_What is needed_:
Copy the material below verbatim from the line with "styleBREAKER Modetuch Vierecktuch" to the line with "REFRIGERATOR LINER PARTS", both lines included, omitting pictures and every line outside that range.

_The data_:

-------

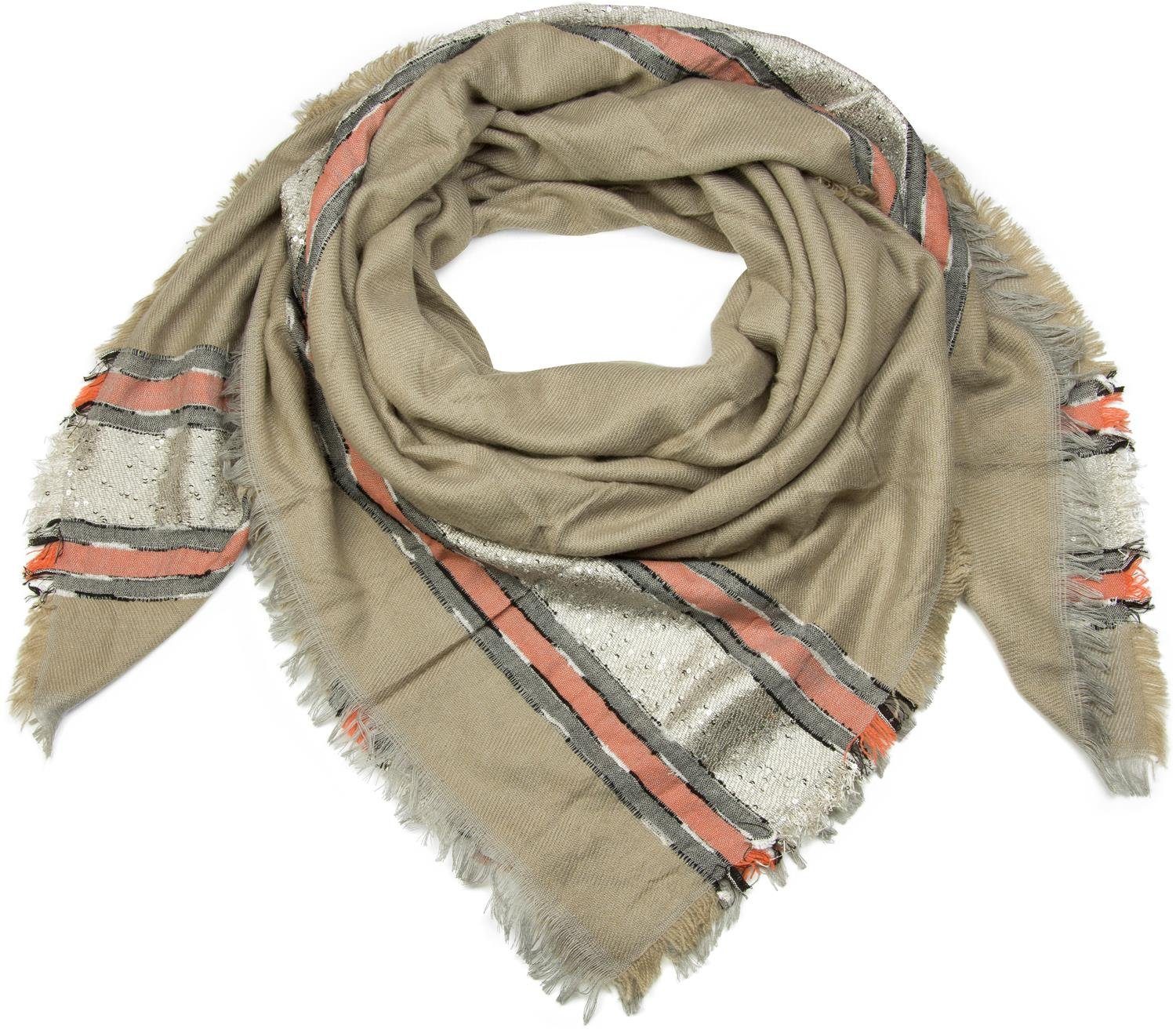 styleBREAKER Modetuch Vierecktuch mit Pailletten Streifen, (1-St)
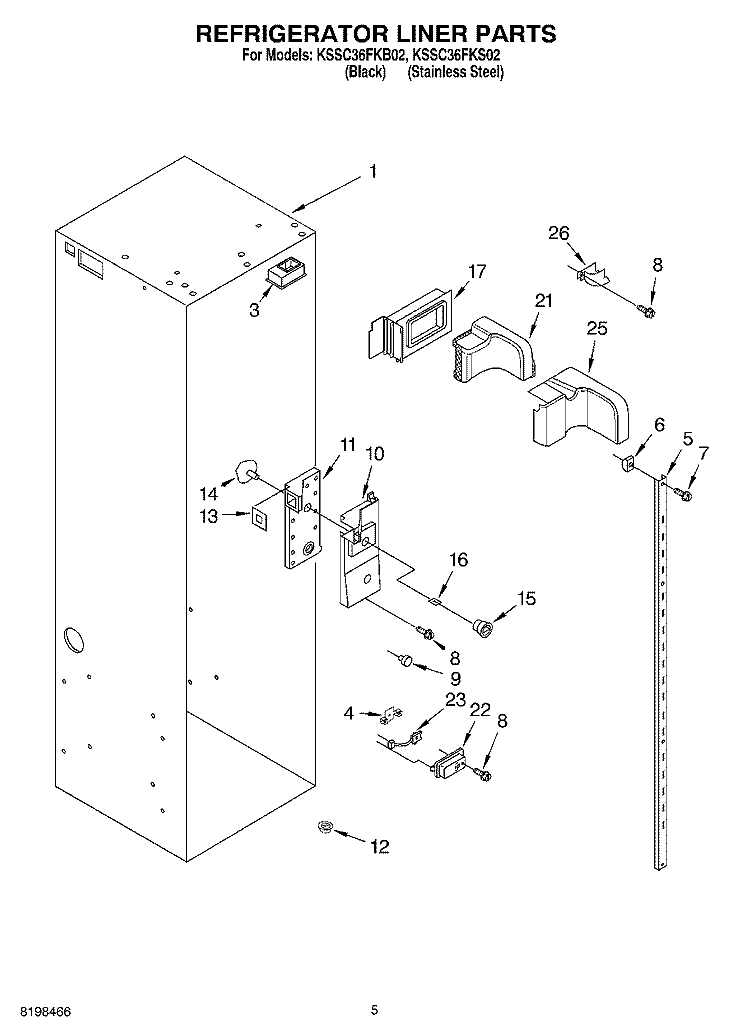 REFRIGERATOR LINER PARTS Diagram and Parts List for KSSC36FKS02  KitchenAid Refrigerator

-------

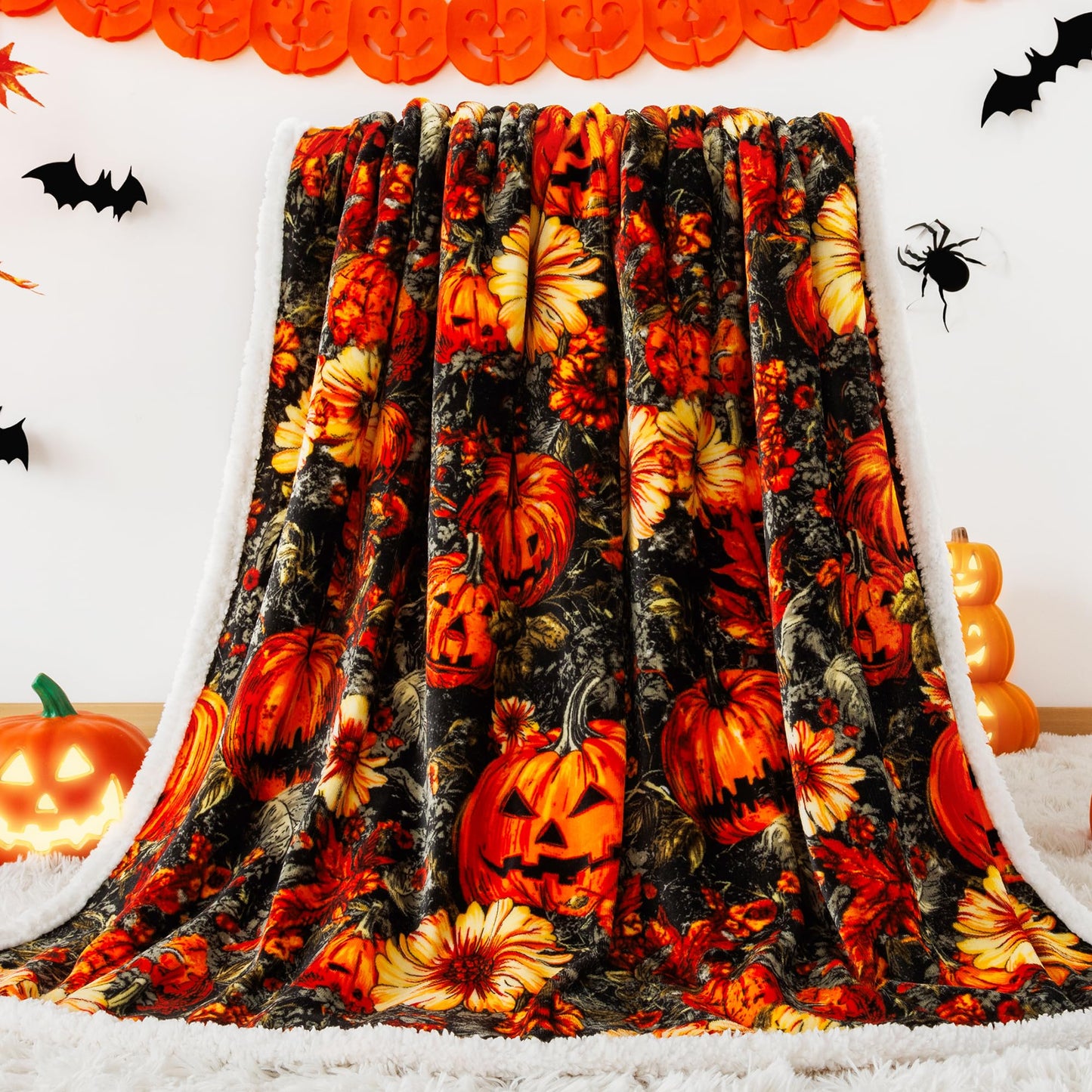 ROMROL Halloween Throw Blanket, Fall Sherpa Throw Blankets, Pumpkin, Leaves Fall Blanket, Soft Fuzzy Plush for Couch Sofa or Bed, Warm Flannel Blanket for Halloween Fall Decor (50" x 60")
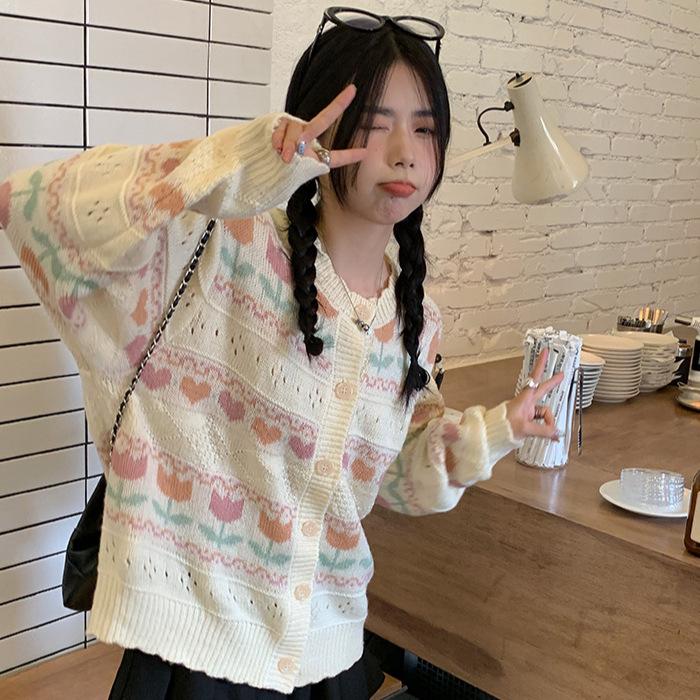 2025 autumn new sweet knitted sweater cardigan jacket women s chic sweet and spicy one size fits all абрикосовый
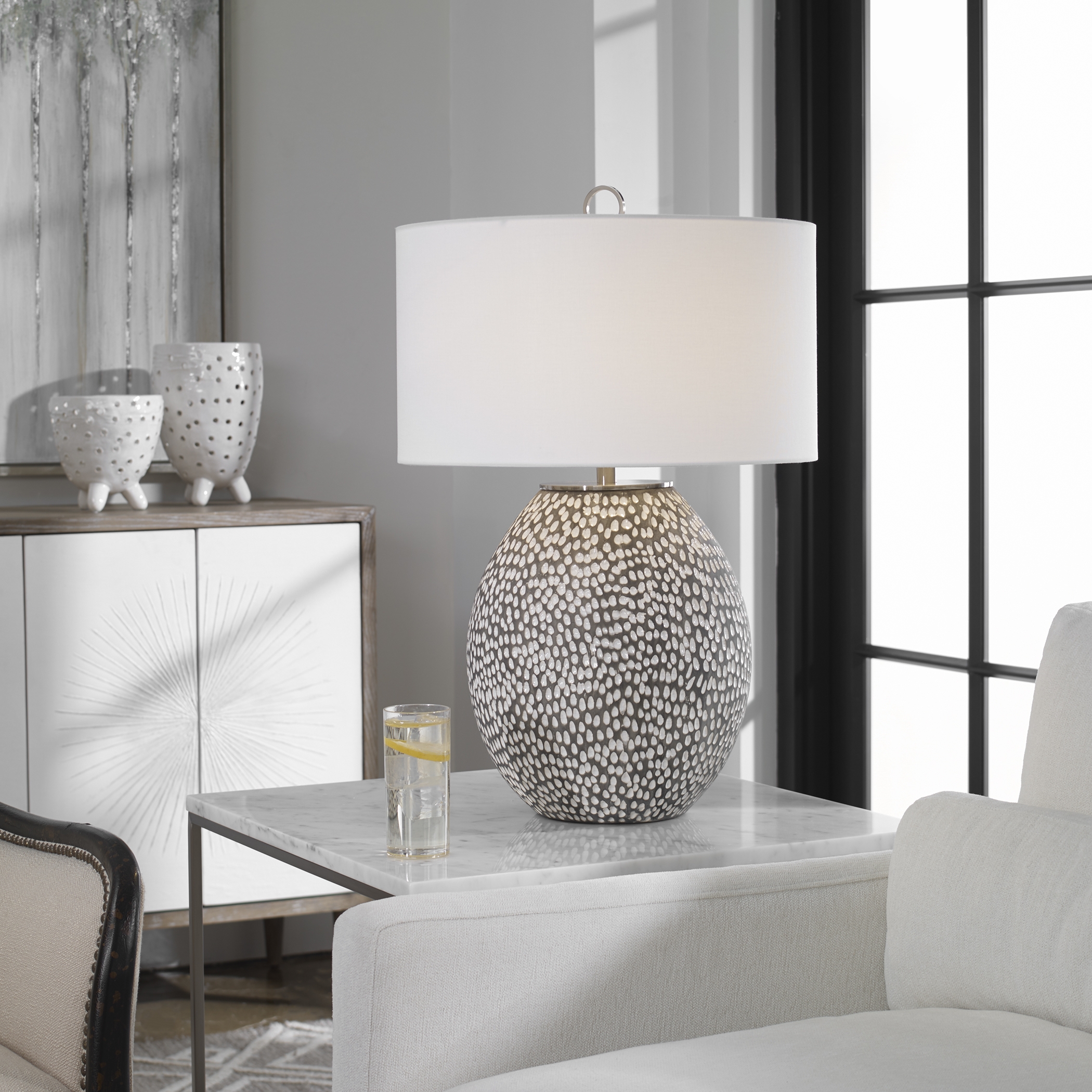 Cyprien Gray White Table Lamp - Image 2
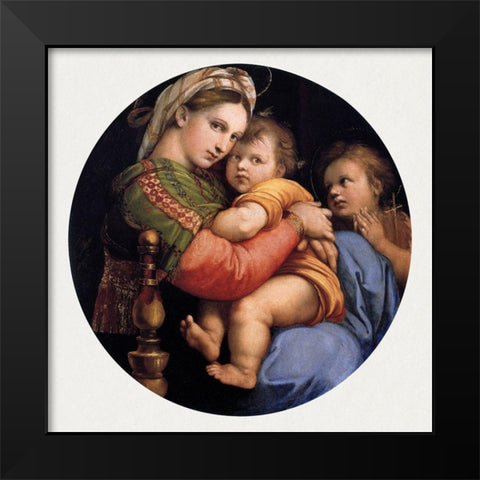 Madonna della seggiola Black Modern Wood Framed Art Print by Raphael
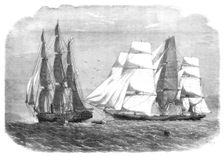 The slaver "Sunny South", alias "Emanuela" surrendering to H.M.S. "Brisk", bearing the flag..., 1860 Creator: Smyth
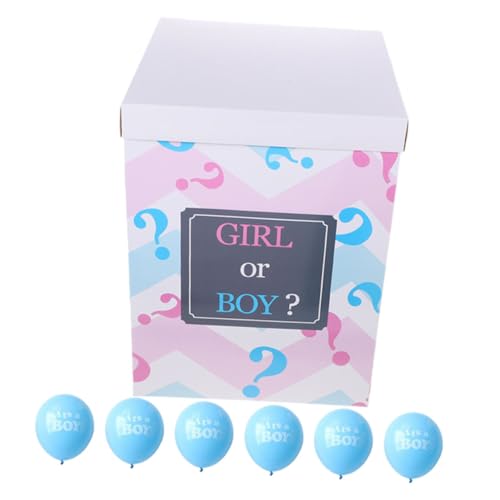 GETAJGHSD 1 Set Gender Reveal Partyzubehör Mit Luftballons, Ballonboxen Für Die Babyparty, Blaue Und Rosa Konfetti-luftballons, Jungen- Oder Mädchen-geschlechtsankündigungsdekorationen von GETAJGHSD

-------

_Result for this exercise_:
 styleBREAKER Modetuch Vierecktuch mit Pailletten Streifen, (1-St)
 REFRIGERATOR LINER PARTS Diagram and Parts List for KSSC36FKS02  KitchenAid Refrigerator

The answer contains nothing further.